I am unable to reproduce the error mentioned in the title; what version of the Python selenium library are you using?

jwodder commented 2 years ago

@mvandenburgh (et alii?): The CSS class of the progress bar shown when loading data for a dandiset/:id/draft/files page seems to have changed. Previously, the webshot script waited for .v-progress-linear to be invisible, but that no longer suffices for checking whether the files listing has loaded. What check should replace it?

yarikoptic commented 2 years ago

I am unable to reproduce the error mentioned in the title; what version of the Python selenium library are you using?

that screen session is still available on dandi@drogon happen you need to interactively troubleshoot. The tail of that pip install in the original message post says selenium-4.1.3... tripple checking:

dandi@drogon:/mnt/backup/dandi/dandi-api-webshots$ venv/bin/python -c 'import selenium; print(selenium.__version__)'
4.1.3
mvandenburgh commented 2 years ago

@mvandenburgh (et alii?): The CSS class of the progress bar shown when loading data for a dandiset/:id/draft/files page seems to have changed. Previously, the webshot script waited for .v-progress-linear to be invisible, but that no longer suffices for checking whether the files listing has loaded. What check should replace it?

.v-progress-linear should still work as a check. I just double checked on production and the progress bar does indeed have the v-progress-linear class initially, and then it becomes invisible once the files list has finished loading (see: the search bar in the dev tools under the element inspector) -

1

2

jwodder commented 2 years ago

@yarikoptic My next best guess is that chromedriver needs to be updated; the current version (in Homebrew, at least) is 99.0.4844.51.

jwodder commented 2 years ago

@mvandenburgh Is the progress bar present when the page is initially loaded, or is it only added after?

yarikoptic commented 2 years ago

@yarikoptic My next best guess is that chromedriver needs to be updated; the current version (in Homebrew, at least) is 99.0.4844.51.

Then I think that I better finally upgrade the entire drogon from Debian stretch to bullseye, where it is now shipped as chromium-driver package 99.0.4844.74-1~deb11u1 . But I don't see how driver would relate to that error (AttributeError: 'dict' object has no attribute 'text') -- did you check what is in that dict? may be just a matter of tuning up the script to handle it?

meanwhile I will initiate upgrade through download of packages etc, later will disable cron jobs for the duration of the upgrade, and we might need to redo some or all the venvs again

jwodder commented 2 years ago

@yarikoptic

did you check what is in that dict?

No, as I'm not getting a dict when I run the script locally, and the screen session on drogon you mentioned above seems to be gone now.

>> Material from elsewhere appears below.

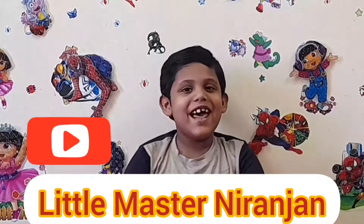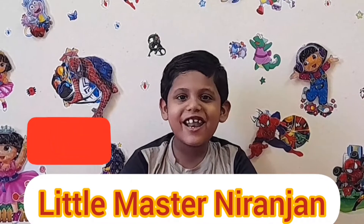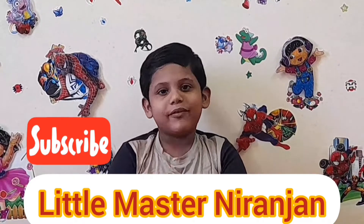If you like this video, please like this video and subscribe to our channel.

yarikoptic commented 2 years ago

it isn't gone. Just login as dandi, screen -rd, choose 6th (Ctrl-a 6). I just reran to exactly the same effect

jwodder commented 2 years ago

@yarikoptic The login_button dict is just {'ELEMENT': '0.136299170337715-1'}. I don't see a way to make use of that.

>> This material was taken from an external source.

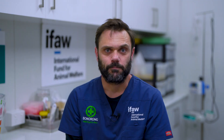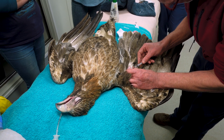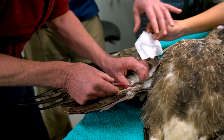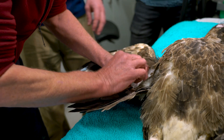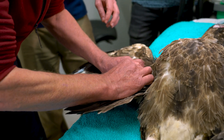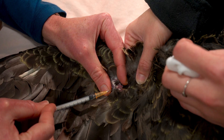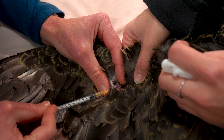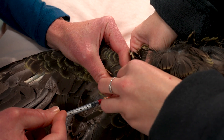For anything in between, I will use the ulnar vein, which is on the ventral aspect of the wing at the level of the elbow. I would use the ulnar vein in larger bird species if I need to collect a larger amount and the jugular is not as easily accessible. In larger birds I can collect an amount sufficient for biochemistry or hematology.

mvandenburgh commented 2 years ago

@mvandenburgh Is the progress bar present when the page is initially loaded, or is it only added after?

It's added after. (To be specific, it's added after currentDandiset is initialized)

jwodder commented 2 years ago

@mvandenburgh I've tried to detect the presence of .v-progress-linear with:

WebDriverWait(self.driver, 300).until(
    EC.visibility_of_element_located((By.CLASS_NAME, cls))
)

and

WebDriverWait(self.driver, 300).until(
    EC.presence_of_element_located((By.CLASS_NAME, cls))
)

before waiting for invisibility, but the waits don't seem to ever finish.

yarikoptic commented 2 years ago

@yarikoptic The login_button dict is just {'ELEMENT': '0.136299170337715-1'}. I don't see a way to make use of that.

but why is that so and how it could be "fixed"?

anyways -- I will upgrade drogon now. May be newer chrome driver would help although IMHO unlikely (ideally we should create a singularity image to avoid relying on system state). I have disabled all cron jobs for now.

yarikoptic commented 2 years ago

@jwodder -- drogon is upgraded, chromedriver is 100.0.4896.60 . Please troubleshoot/fix and reenable cron job (most of the cron jobs are disabled ATM with #UPGRADE prefix) for webshots.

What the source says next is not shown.